Data
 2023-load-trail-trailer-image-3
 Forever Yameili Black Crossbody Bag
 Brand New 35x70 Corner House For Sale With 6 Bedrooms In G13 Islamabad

Your instructions
Copy exactly the lines from the one with "Forever Yameili Black Crossbody Bag" through the last line of the material, keeping both ends.

Task solution
 Forever Yameili Black Crossbody Bag
 Brand New 35x70 Corner House For Sale With 6 Bedrooms In G13 Islamabad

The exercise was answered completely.